Unnamed: 0,Price_sum,Price_mean,Price_count,Gender,Normalized
Female,382.91,2.815515,136,100,3.8291
Male,1867.68,2.950521,633,465,4.016516
Other / Non-Disclosed,35.74,3.249091,11,8,4.4675


# Age Demographics

In [52]:
# Bins for age groups

bins = [0, 10, 14, 19, 24, 29, 34, 39, 100]
age_labels = ['<10', '10-14', '15-19', '20-24', '25-29', '30-34', '35-39', '40+']

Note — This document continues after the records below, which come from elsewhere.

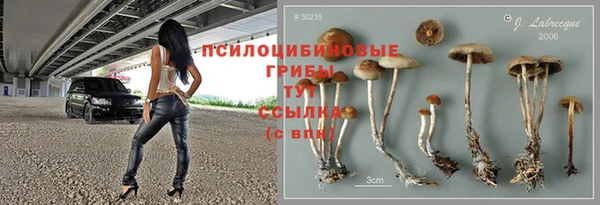 ECSTASY Алексин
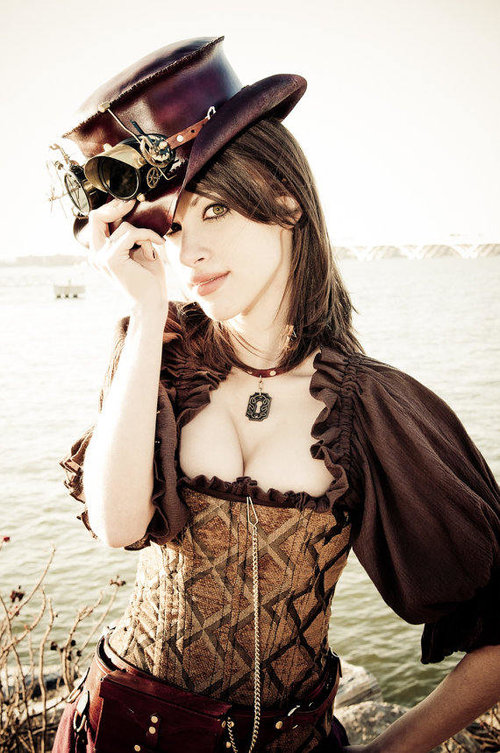 Brown Velvet Medieval Corset / Waistcoat Pirate Buccanteer Fancy Dress  Costume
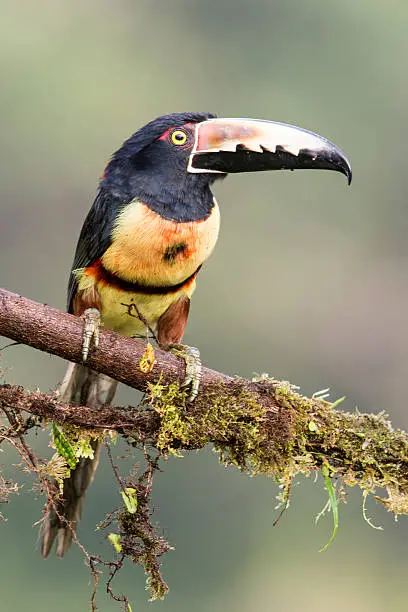 A Collared Araçari (Pteroglossus torquatus) on a branch in the lowlands of Costa Rica.  The Collared Araçari is a medium-sized toucan (39-41 cm, or 15-16 in) that ranges from Mexico to Ecuador.  Araçaris eat mainly fruit but also take some insects, lizards, eggs, and nestlings. They roam about in flocks of 5-15 birds and roost together in holes at night.
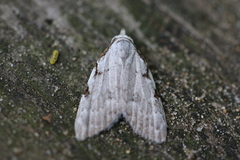 Nola triquetrana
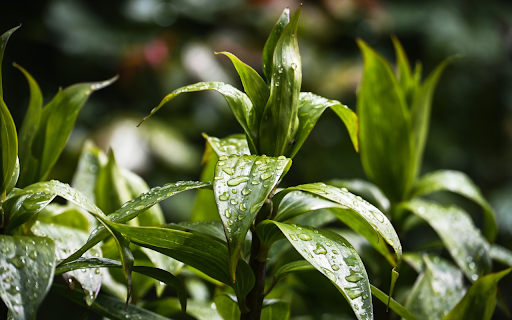 Raindrops and Leaves  from Chrome web store to be run with OffiDocs Chromium online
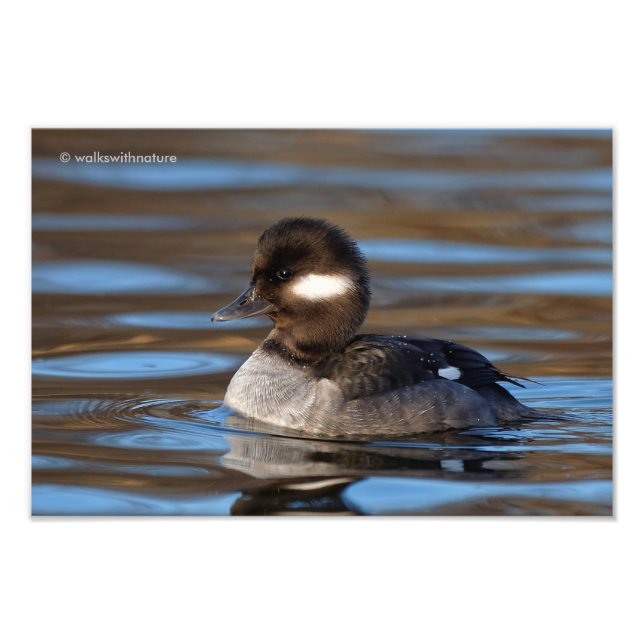 Foto Pato de Bufflehead Doce em Águas Luminosas (Frente)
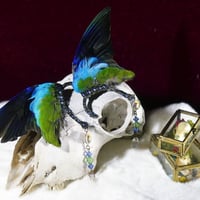 インコの翼イヤーフック （青）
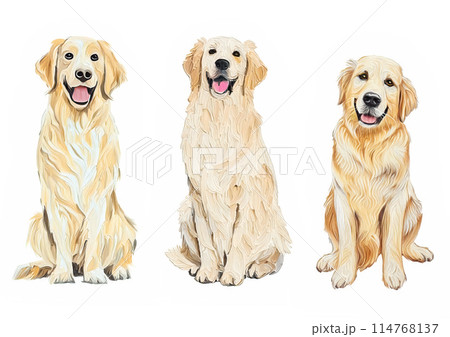 油絵タッチの座るゴールデンレトリバー、犬の正面イラストセット　待てのポーズ　油絵の具　AI生成画像 114768137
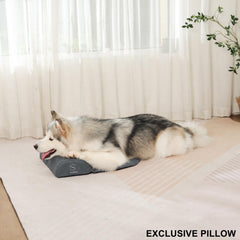 Whoopub almohada para perro XL en sofá para descanso estable.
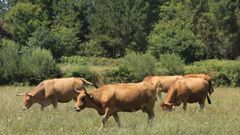 Friol tiene unas 500 explotaciones ganaderas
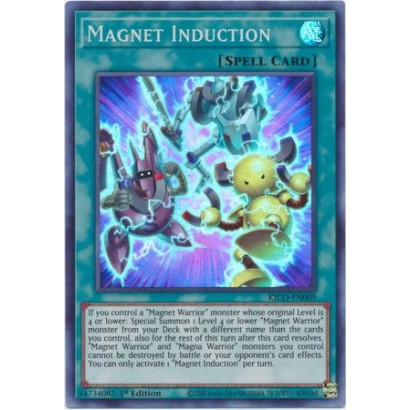 MAGNET INDUCTION -...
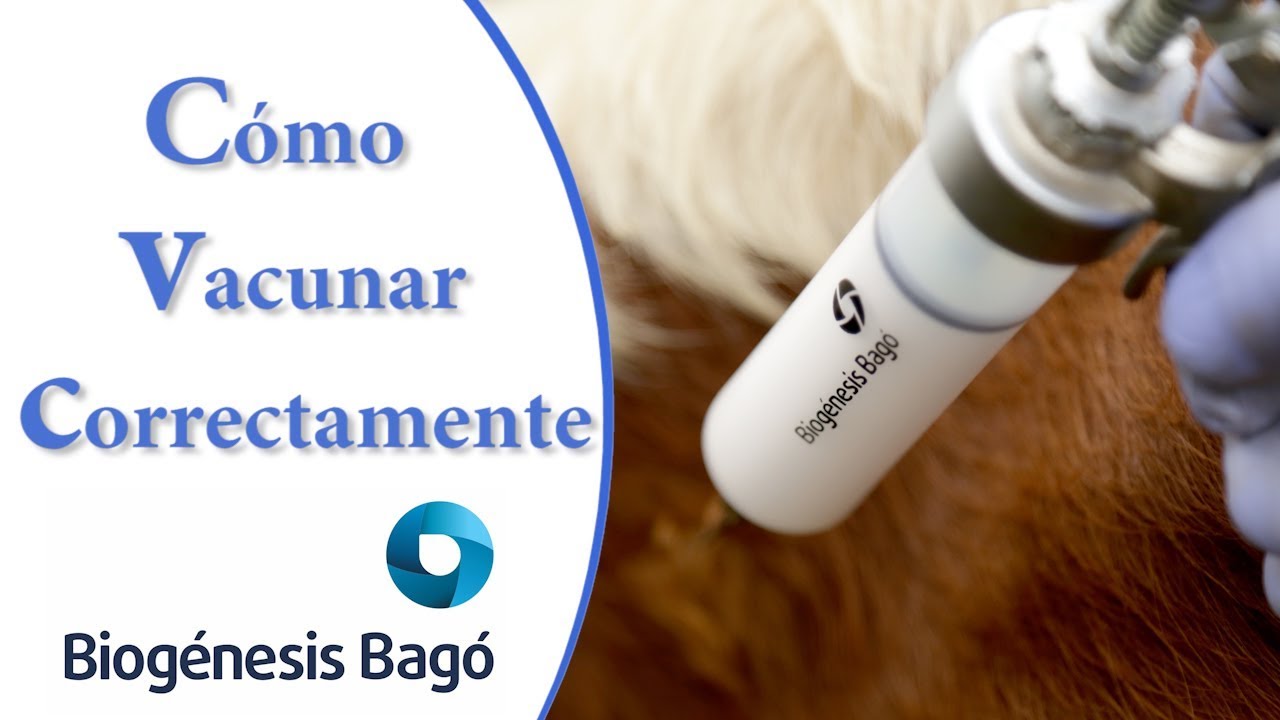 Como vacunar correctamente- Biogénesis Bagó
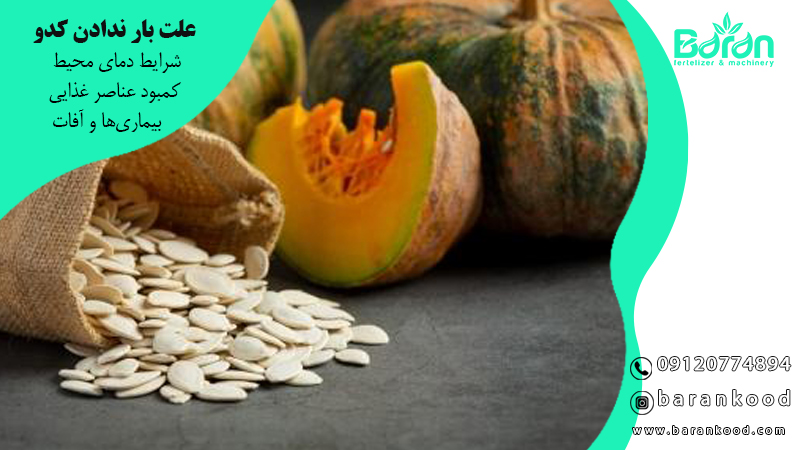 علت بار ندادن کدو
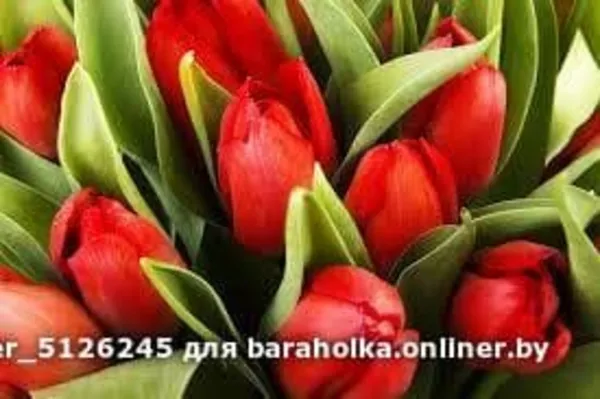 Тюльпаны свежие оптом к 8 марта. 3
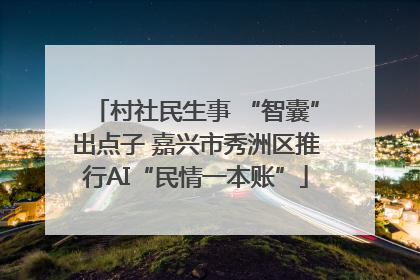 村社民生事 “智囊”出点子 嘉兴市秀洲区推行AI“民情一本账”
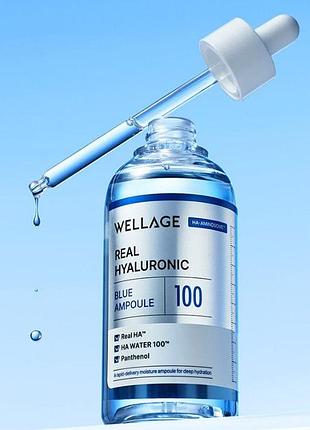 Сироватка для обличчя wellage real hyaluronic blue 100 ampoule, 60 мл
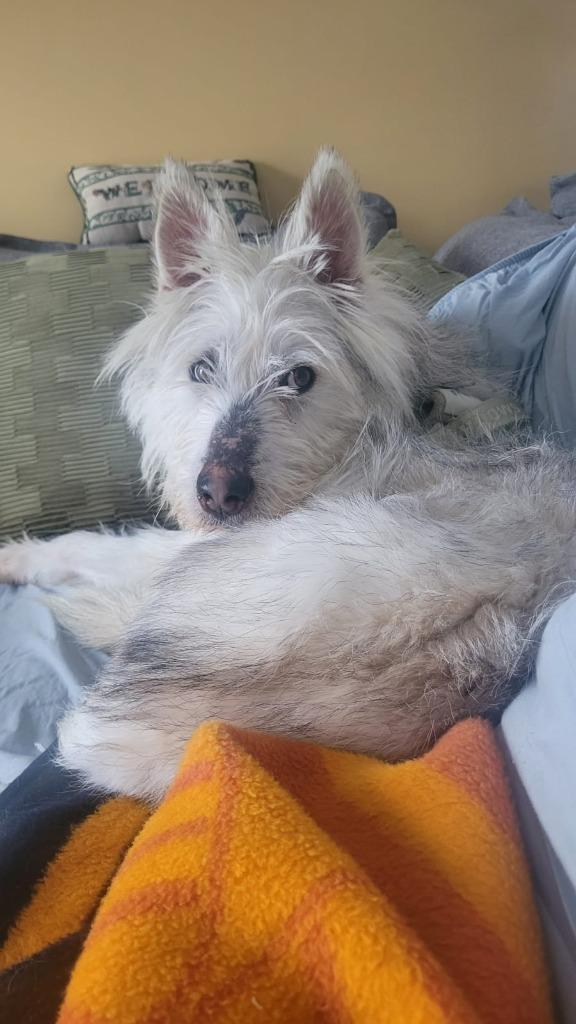 Enlarge Siku, a Adoptable Terrier in Calgary, AB image 3/6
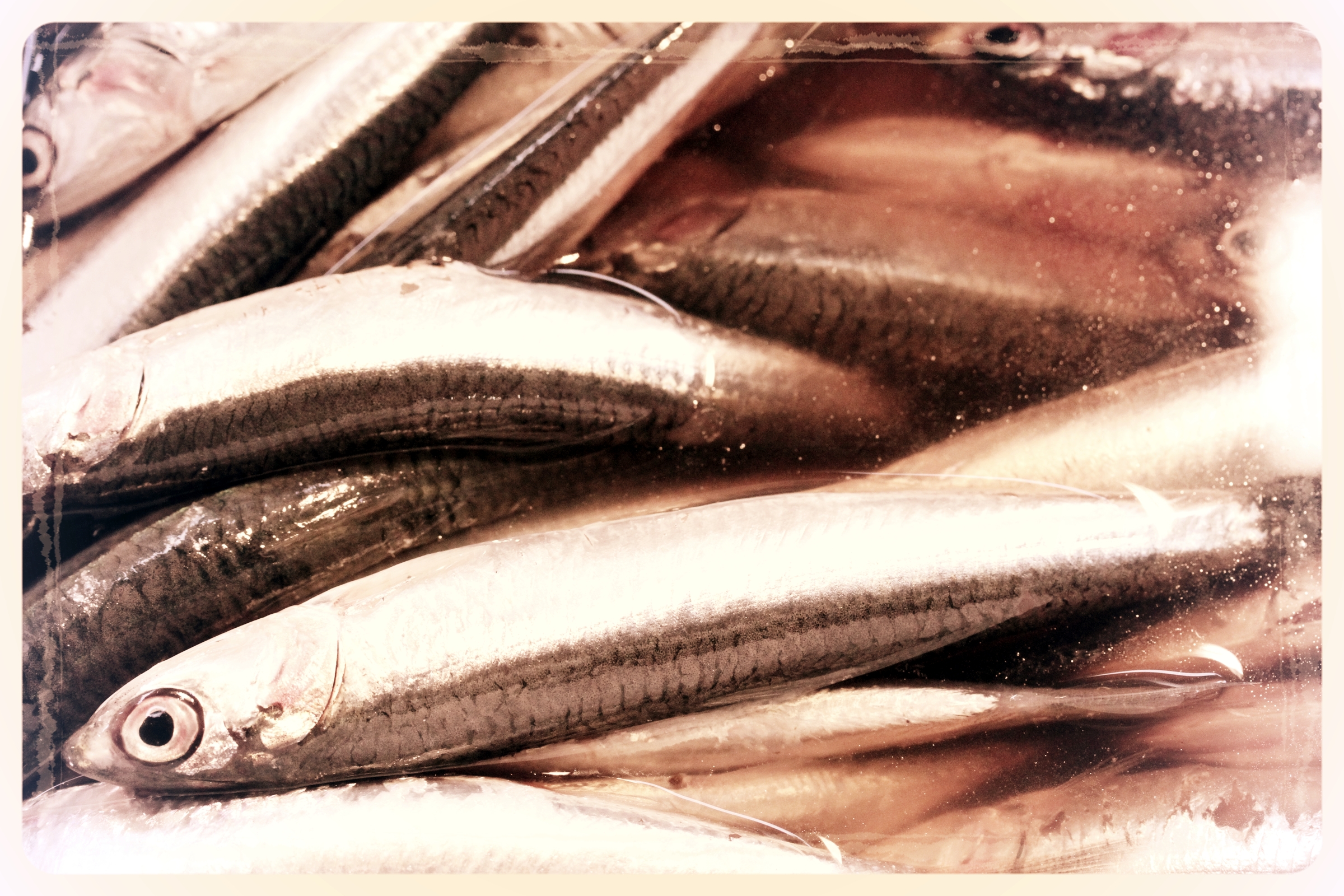 VENICE-FISH-001.jpg
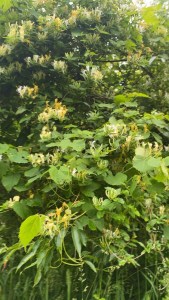Honeysuckle on Mamborg loop trail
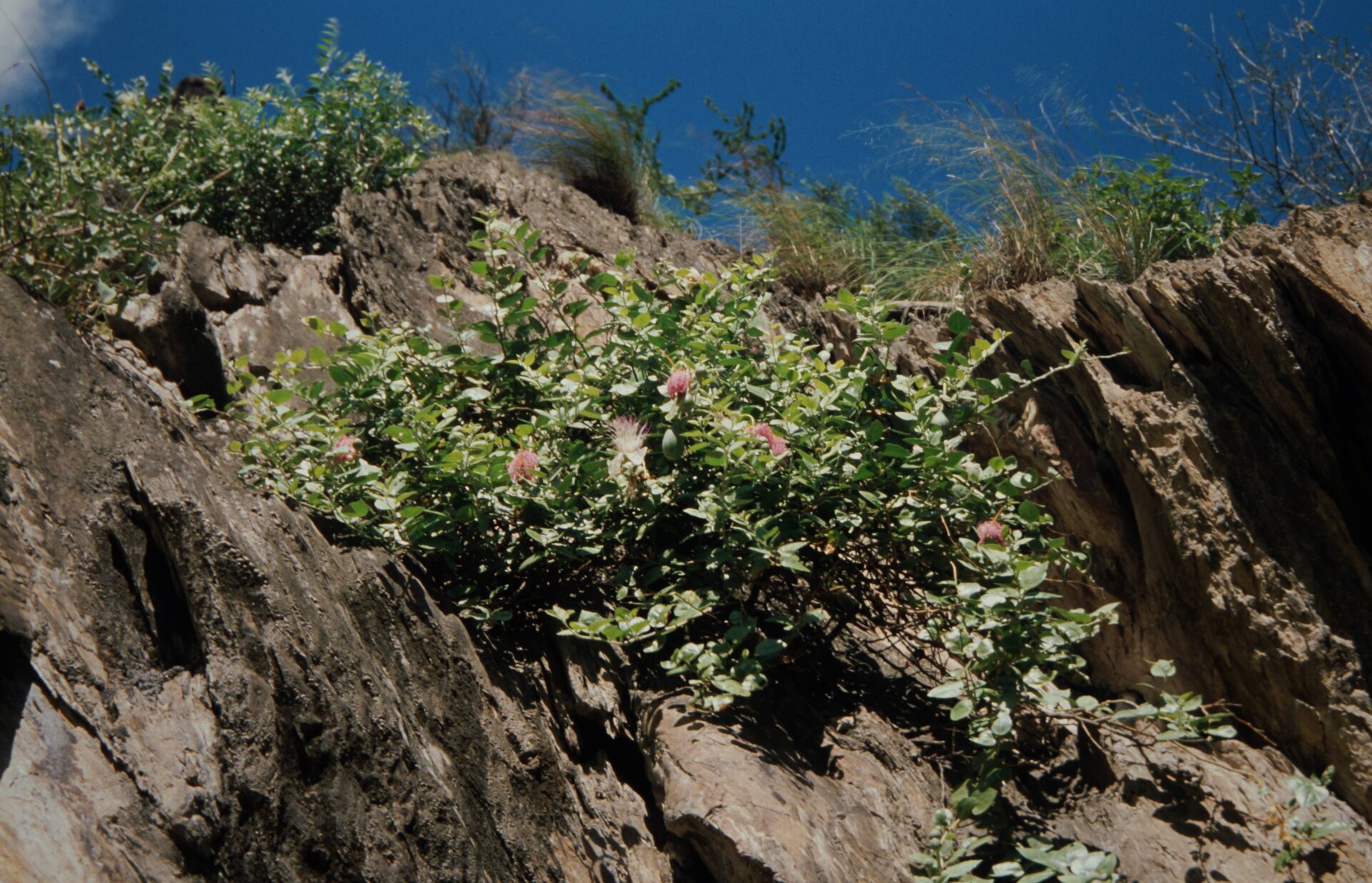 Capparis spinosa — Capparaceae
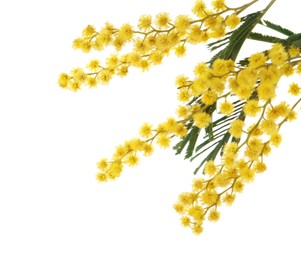 Beautiful mimosa plant with yellow flowers isolated on white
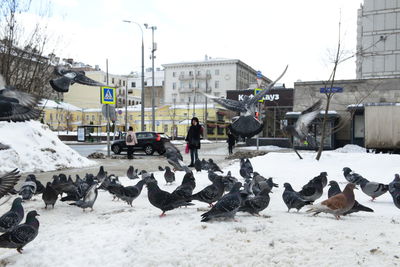 View of birds in winter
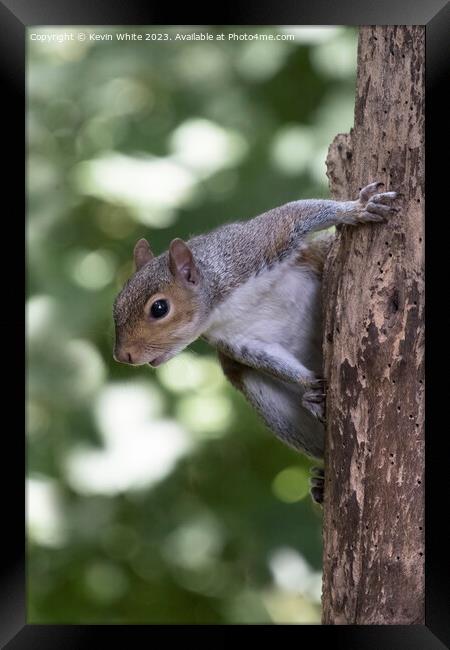 Grey squirrel hanging off an old tree with woodworm Framed Print by Kevin White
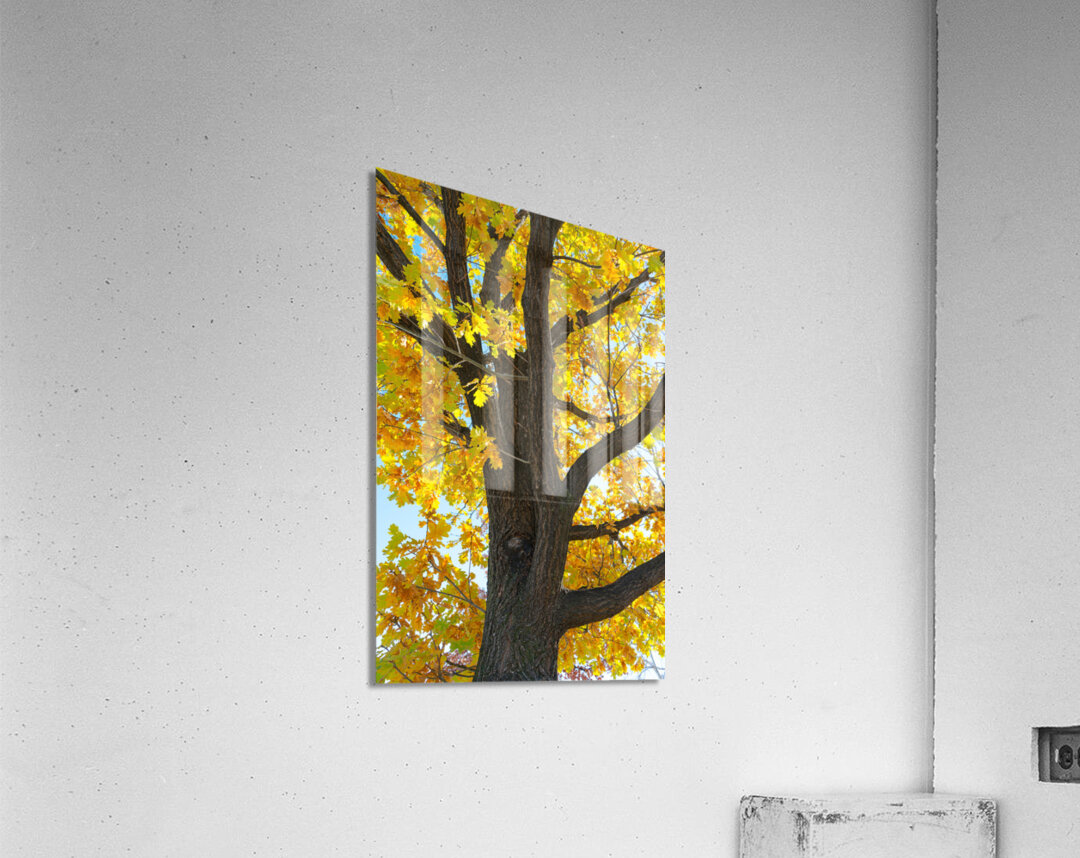 Golden Giggles   When Autumn Leaves Steal the Spotlight Acrylic Print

df['Age Groups'] =pd.cut(df["Age"], bins, labels=age_labels)
age_count = (df.groupby("Age Groups"))['SN'].nunique().reset_index()
age_count = age_count.rename(columns={'SN': 'Total Count'})
age_count


Unnamed: 0,Age Groups,Total Count
0,<10,22
1,10-14,20
2,15-19,100
3,20-24,259
4,25-29,87
5,30-34,47
6,35-39,27
7,40+,11


In [99]:
age_norm = df.groupby('Age Groups').agg(['sum', 'mean', 'count'])['Price']
age_norm.reset_index(inplace=True)

age_norm

Unnamed: 0,Age Groups,sum,mean,count
0,<10,96.62,3.019375,32
1,10-14,83.79,2.702903,31
2,15-19,386.42,2.905414,133
3,20-24,978.77,2.913006,336
4,25-29,370.33,2.96264,125
5,30-34,197.25,3.082031,64
6,35-39,119.4,2.842857,42
7,40+,53.75,3.161765,17


# Top Spenders

In [98]:
#Top Spenders by purchase value

df_top = df.groupby('SN')['Price'].agg(['sum', 'mean', 'count']).sort_values(by='sum', ascending=False).head()
df_top = df_top.rename(columns={'sum': 'Total Purchase Value', 'mean': 'Average Purchase Price', 'count': 'Purchase Count'})
df_top['Total Purchase Value'] = df_top['Total Purchase Value'].map('${:.2f}'.format)
df_top['Average Purchase Price'] = df_top['Average Purchase Price'].map('${:.2f}'.format)
df_top

Unnamed: 0_level_0,Total Purchase Value,Average Purchase Price,Purchase Count
SN,Unnamed: 1_level_1,Unnamed: 2_level_1,Unnamed: 3_level_1
Undirrala66,$17.06,$3.41,5
Saedue76,$13.56,$3.39,4
Mindimnya67,$12.74,$3.18,4
Haellysu29,$12.73,$4.24,3
Eoda93,$11.58,$3.86,3


# Most Popular

In [93]:
# Most popular items by number of purchase

df_popular = df.groupby('Item Name')['Price'].agg(['sum', 'mean', 'count']).sort_values(by='count', ascending=False).head()
df_popular = df_popular.rename(columns={'sum': 'Total Purchase Price', 'mean': 'Average Price', 'count': 'Purchase Count'})
df_popular['Total Purchase Price'] = df_popular['Total Purchase Price'].map('${:.2f}'.format)
df_popular['Average Price'] = df_popular['Average Price'].map('${:.2f}'.format)
df_popular


Unnamed: 0_level_0,Total Purchase Price,Average Price,Purchase Count
Item Name,Unnamed: 1_level_1,Unnamed: 2_level_1,Unnamed: 3_level_1
Final Critic,$38.60,$2.76,14
Arcane Gem,$24.53,$2.23,11
"Betrayal, Whisper of Grieving Widows",$25.85,$2.35,11
Stormcaller,$34.65,$3.46,10
Woeful Adamantite Claymore,$11.16,$1.24,9


# Most Profitable

In [87]:
# Top Items by purchase value

df_profit = df.groupby(['Item Name', 'Item ID', 'Price']).Price.agg(['count', 'mean', 'sum']).head().reset_index()
df_profit = df_profit.rename(columns={'count': 'Purchase Count', 'mean': 'Average Price','sum': 'Total Purchase Value'})
df_profit['Total Purchase Value'] = df_profit['Total Purchase Value'].map('${:.2f}'.format)
df_profit['Price'] = df_profit['Price'].map('${:.2f}'.format)
del df_profit['Average Price']
df_profit

Unnamed: 0,Item Name,Item ID,Price,Purchase Count,Total Purchase Value
0,Abyssal Shard,162,$2.04,3,$6.12
1,"Aetherius, Boon of the Blessed",137,$4.75,4,$19.00
2,Agatha,120,$1.91,5,$9.55
3,Alpha,130,$1.56,7,$10.92
4,"Alpha, Oath of Zeal",79,$2.88,7,$20.16


# Conclusions

In [None]:
# 1. The majority of players are male.
# 2. 20-24 Year old customers are making the most purchases and spending the most money.
# 3. The sales for the top 5 items didn't vary much.